■ REQUIREMENT:
With all pictures excluded, restate the records that follow exactly as written.

■ TASK INPUT:
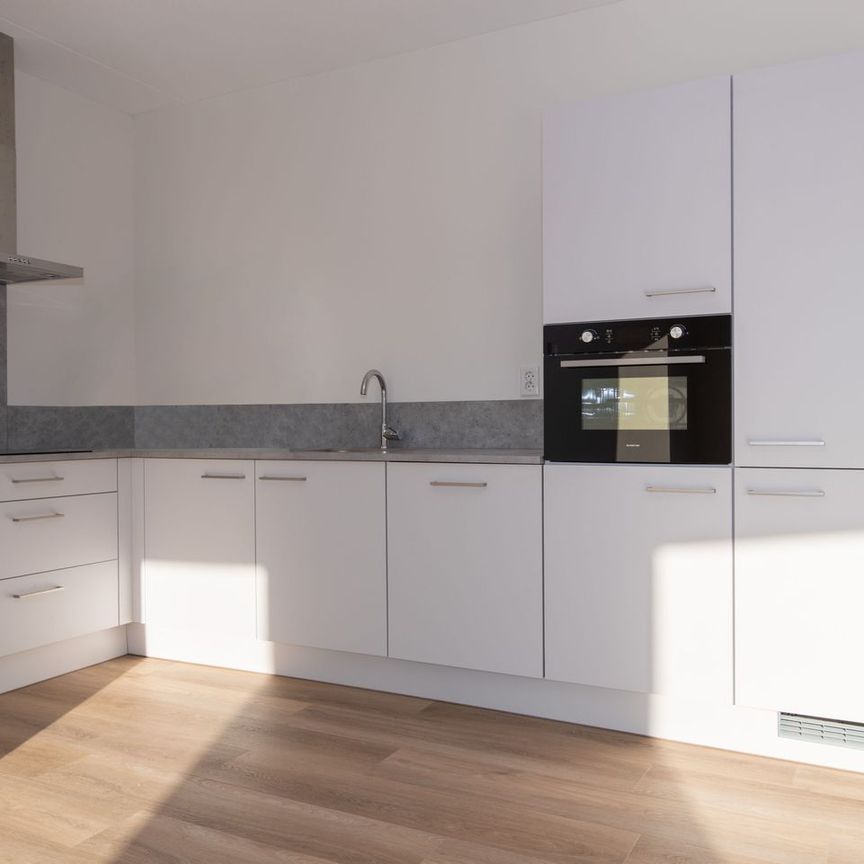 Appartement te huur: Brouwersgracht 253-L 3901 TL Veenendaal - Foto 1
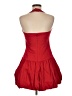 Reformation Red Cocktail Dress Size 6 - photo 2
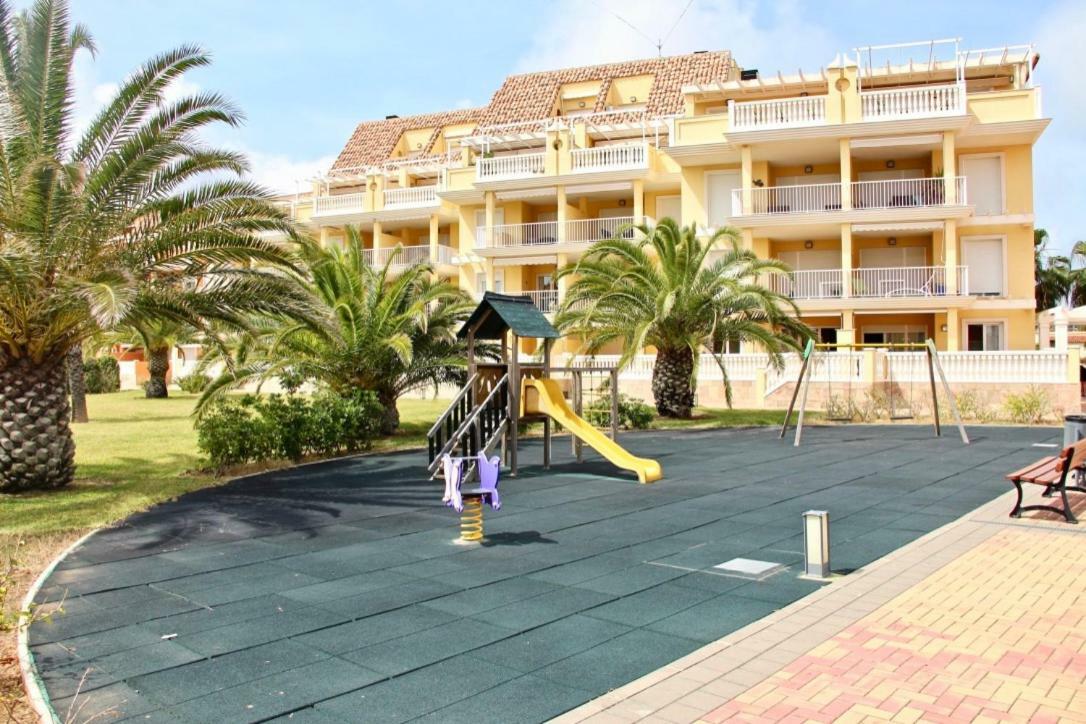 Estrella Del Mar 68 By Homeprive Denia Ngoại thất bức ảnh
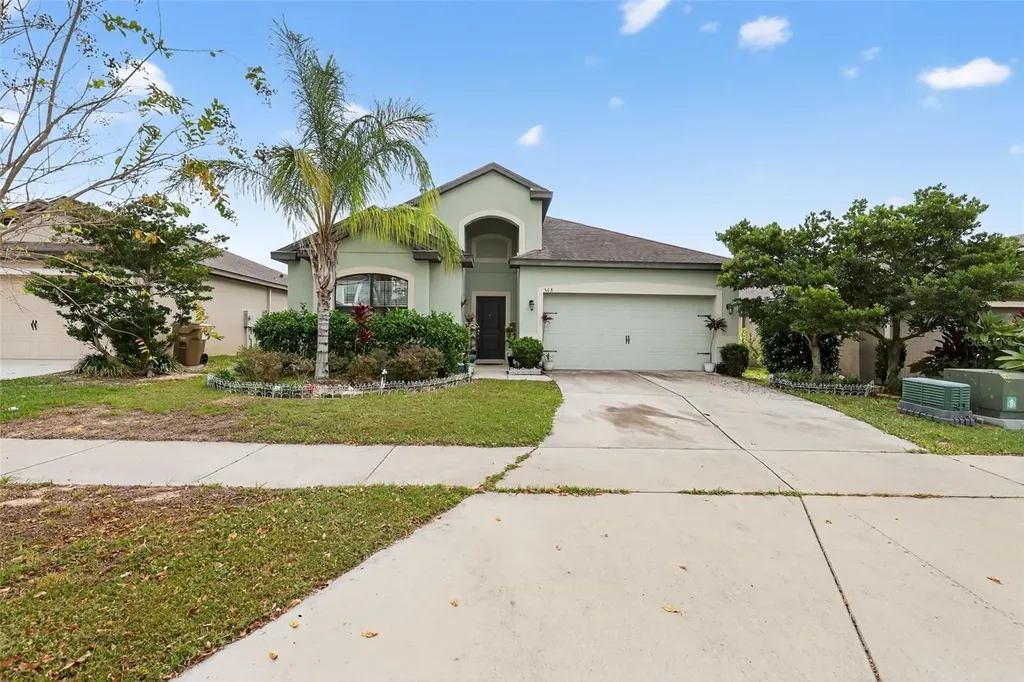 508 Delta Avenue Groveland FL 34736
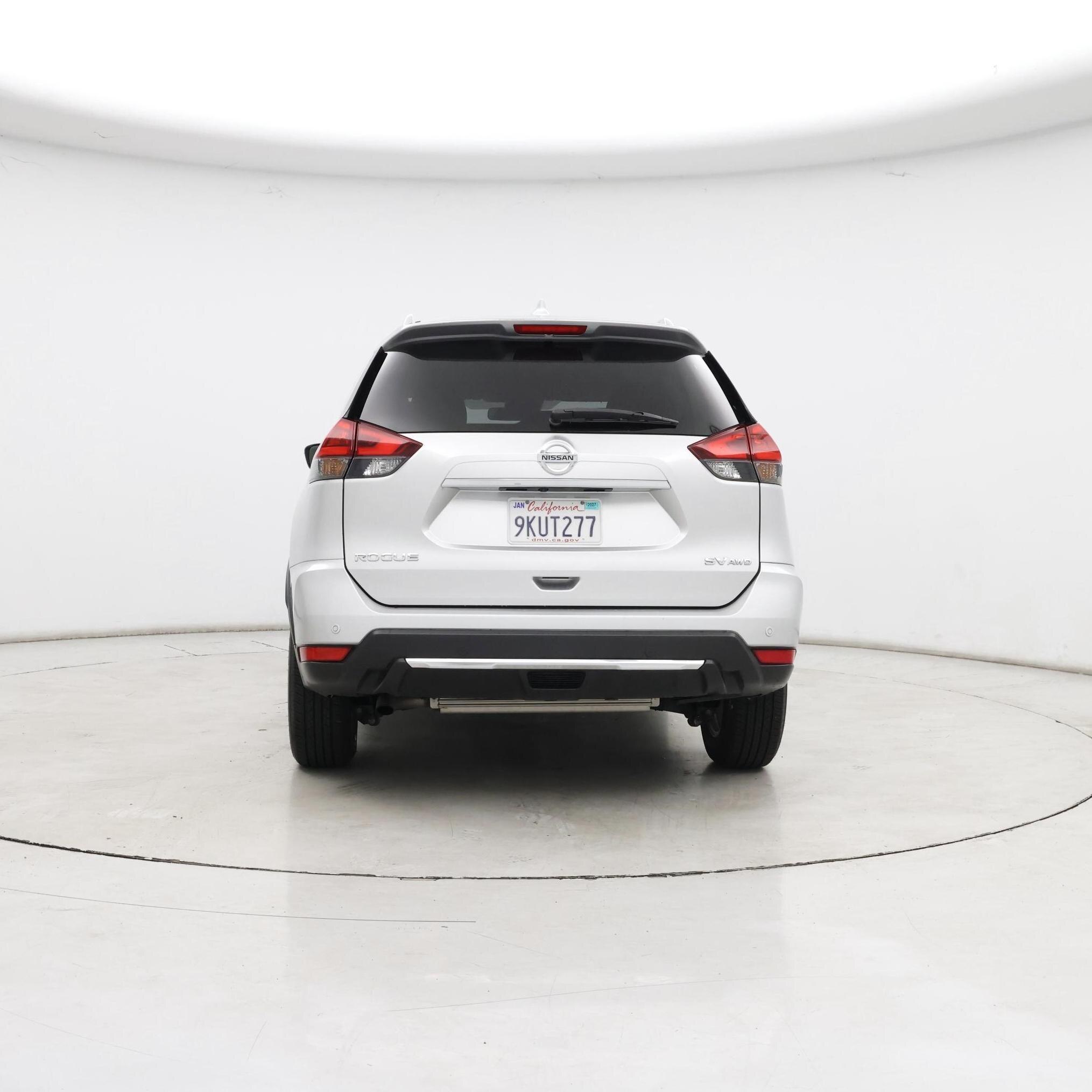 Thumbnail: 2020 Nissan Rogue - 6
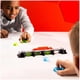 thumbnail image 5 of Magnetic Trick Shot Game Fat Brain Toys Magshuto Knockout Rail, 5 of 6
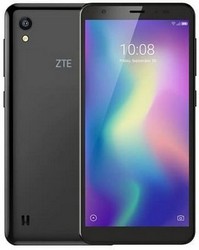 Прошивка телефона ZTE Blade A5 2019 в Перми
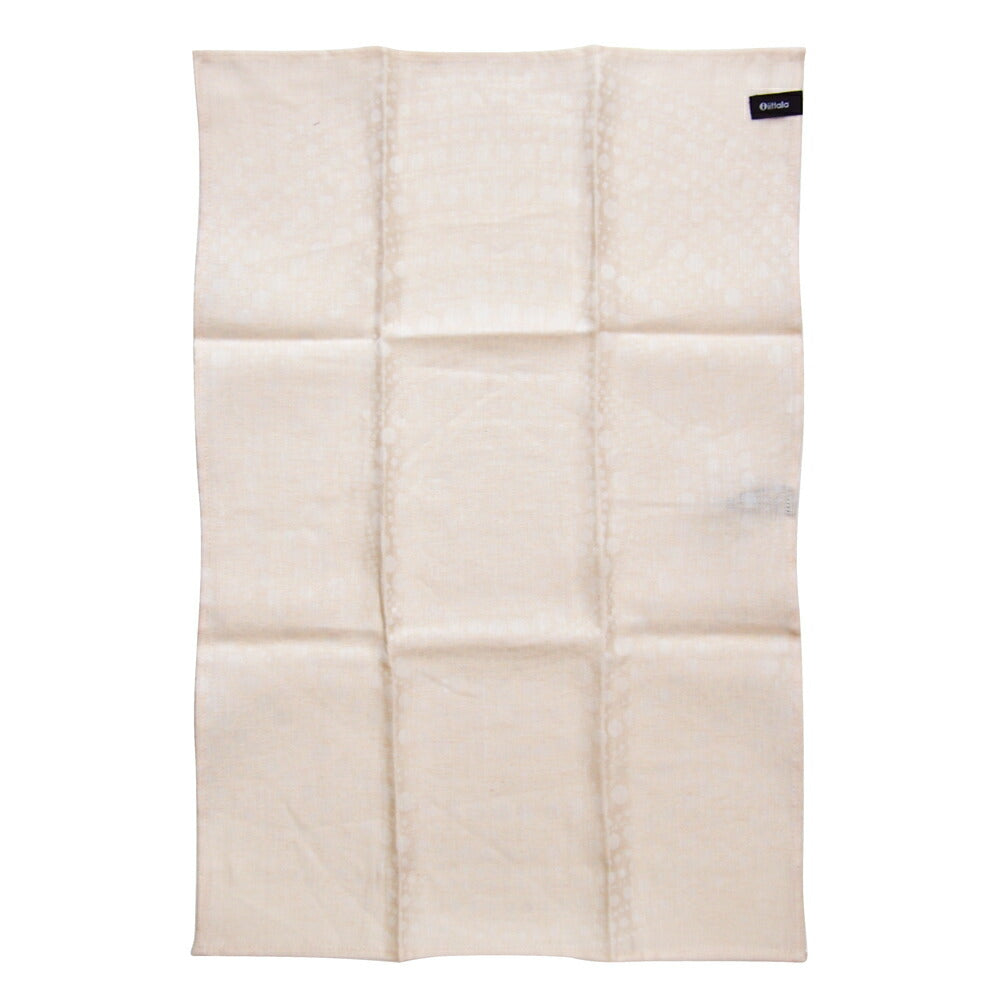 イッタラ (iittala) カステヘルミ ティータオル パウダー 47×70cm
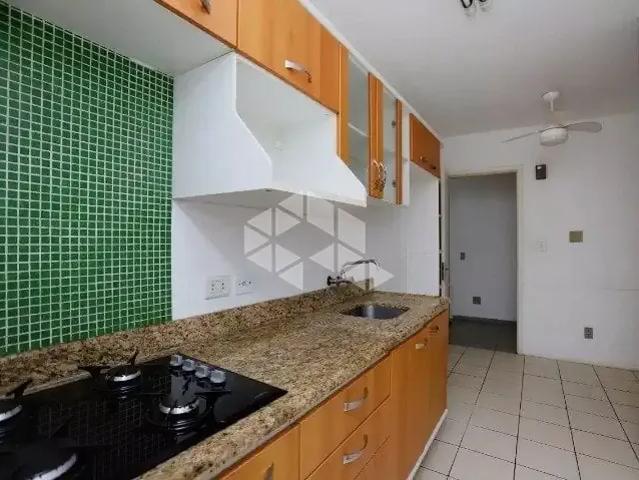 Apartamento para Venda em Porto Alegre/RS Vila Assunção 2 Quartos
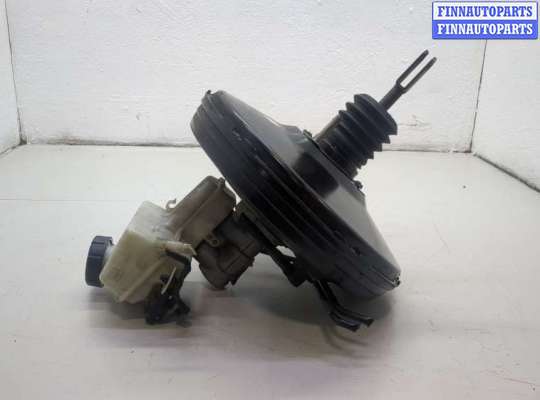 Вакуумный усилитель тормозов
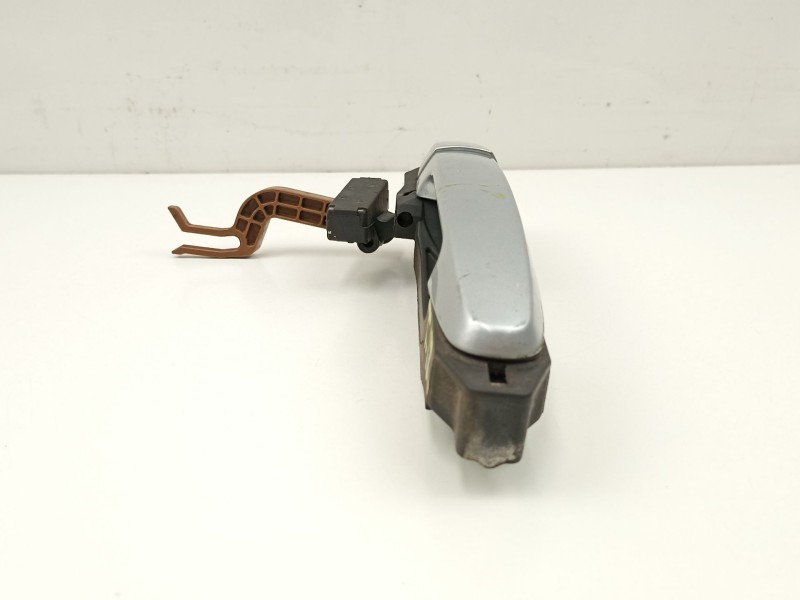 Recambio de manilla trasera izquierda para daihatsu sirion (m3..) referencia OEM IAM   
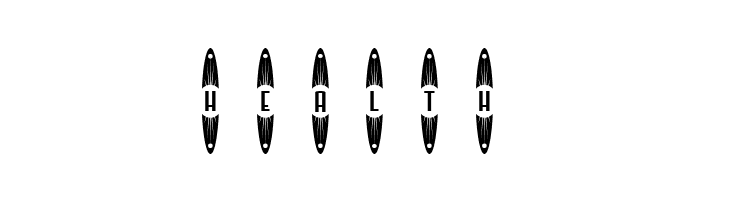 Jackrabbit's Bar & Grill  Free Fonts Download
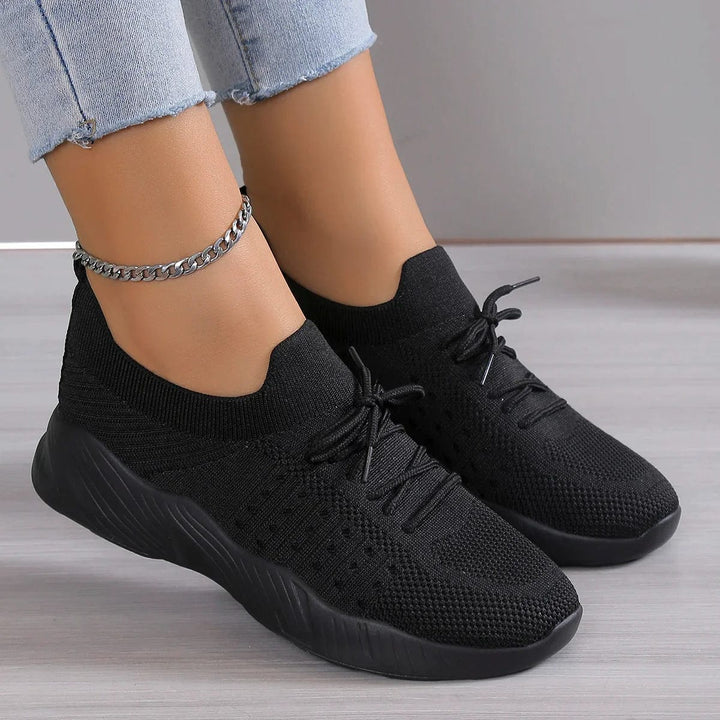 Emily & Isabella Brooks | Orthopedic Shoes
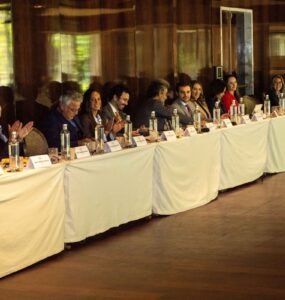 FFA Advogados realiza Encontro Anual de Lideranças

■ SOLUTION TO THE EXERCISE:
 Appartement te huur: Brouwersgracht 253-L 3901 TL Veenendaal - Foto 1
 Reformation Red Cocktail Dress Size 6 - photo 2
 Estrella Del Mar 68 By Homeprive Denia Ngoại thất bức ảnh
 508 Delta Avenue Groveland FL 34736
 Thumbnail: 2020 Nissan Rogue - 6
 thumbnail image 5 of Magnetic Trick Shot Game Fat Brain Toys Magshuto Knockout Rail, 5 of 6
 Прошивка телефона ZTE Blade A5 2019 в Перми
 イッタラ (iittala) カステヘルミ ティータオル パウダー 47×70cm
 Apartamento para Venda em Porto Alegre/RS Vila Assunção 2 Quartos
 Вакуумный усилитель тормозов
 Recambio de manilla trasera izquierda para daihatsu sirion (m3..) referencia OEM IAM   
 Jackrabbit's Bar & Grill  Free Fonts Download
 Emily & Isabella Brooks | Orthopedic Shoes
 FFA Advogados realiza Encontro Anual de Lideranças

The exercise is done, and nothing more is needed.